Paul addressed negative emotions. He cautioned against the type of anger that negatively affects interpersonal relationships. Anger management is a key skill, one regrettably lacking in many peoples’ lives inside and outside the church. Better management of all your strong emotions will enhance every aspect of your life. Self-control and discipline are vital to your reputation and ultimately your spiritual health.

Unrestrained anger, malice, wrath, slander and all sorts of similar emotions can leave the unwary vulnerable to more mischief. Evil begets evil and darkness begets even more darkness. Therefore Paul implored his followers to “not make room for the devil,” suggesting that bad behavior promotes spiritual disarray.

Evil speech? Avoid it! Consider how anger, for example. is like trying to hold fire without getting burned.
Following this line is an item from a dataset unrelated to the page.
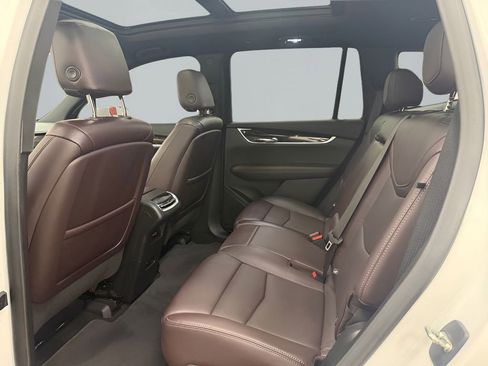 Used 2020 Cadillac XT6 Premium Luxury FWD image 16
Even people outside the church realize that Paul’s opinions are as true today as they were almost two-thousand years ago. Indeed, even secular psychology has proven that there are ill-effects from unbridled negative emotions. The gist is that even Christians need reminding of how bad attitudes and behavior are harmful.
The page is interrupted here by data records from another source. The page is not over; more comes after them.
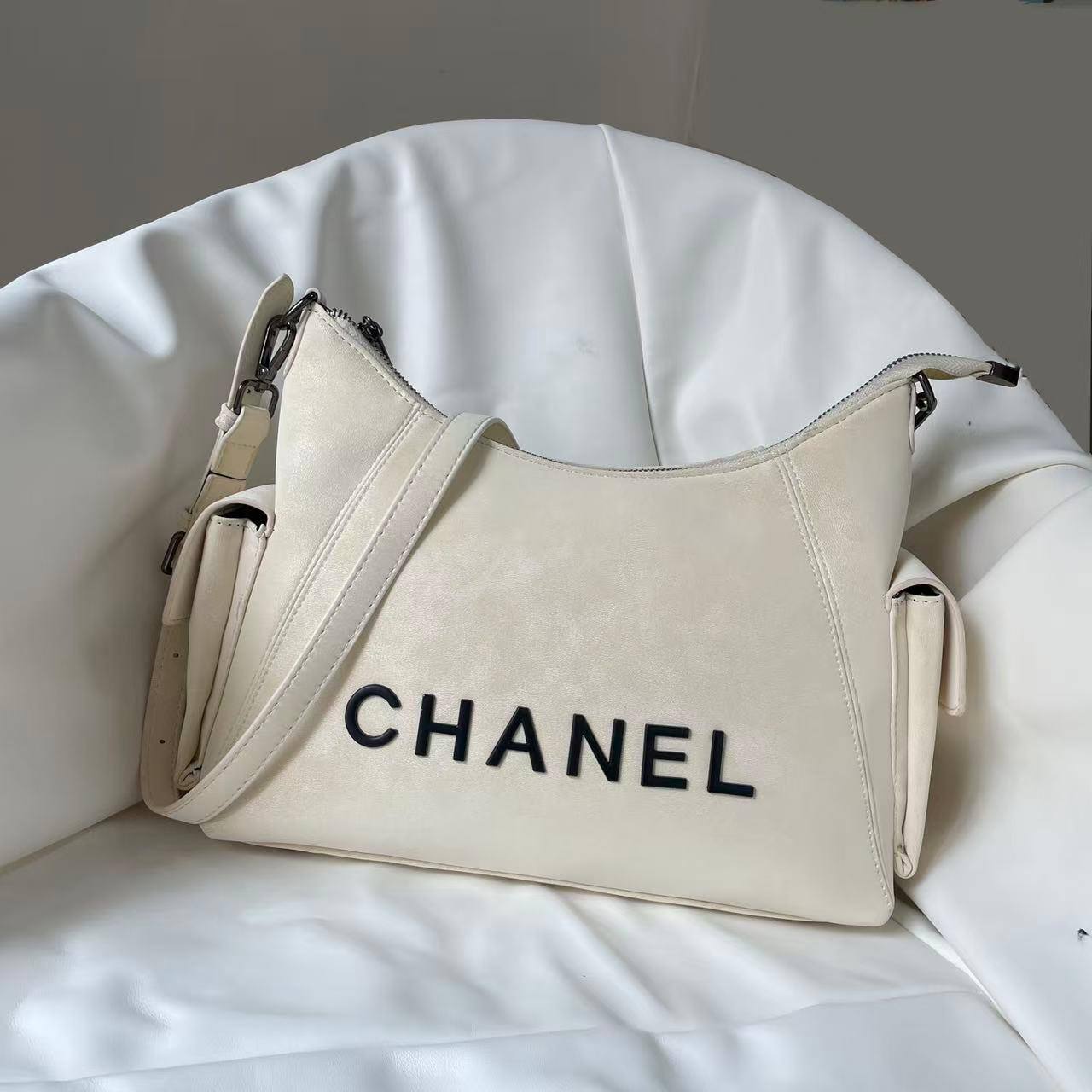 Chanel
Best quality
95 dhs💓
size 30cm
Zain158
♥️♥️♥️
Paul didn’t just write about what people should not be doing. He was also positive, encouraging people of faith to do good. Paul asked that members of a faith family set aside all the bad stuff and replace it with love. It’s not good enough to refrain from anger, angry speech, and the rest of it. Paul reminded readers that they can be proactive and interject uplifting, positive words, those that will spread light and truth: “. . . be kind to one another, tenderhearted, forgiving one another, as God in Christ has forgiven you” (Ephesians 4:32).

Paul sums-up his lesson with a wonderful nugget of advice: “Therefore be imitators of God, as beloved children, and live in love, as Christ loved us and gave himself up for us . . .” (Ephesians 5:1-2). Paul’s timeless insights continue to promote wellness in mind, body and spirit. Love your neighbor and by so doing you will strengthen yourself and your faith family.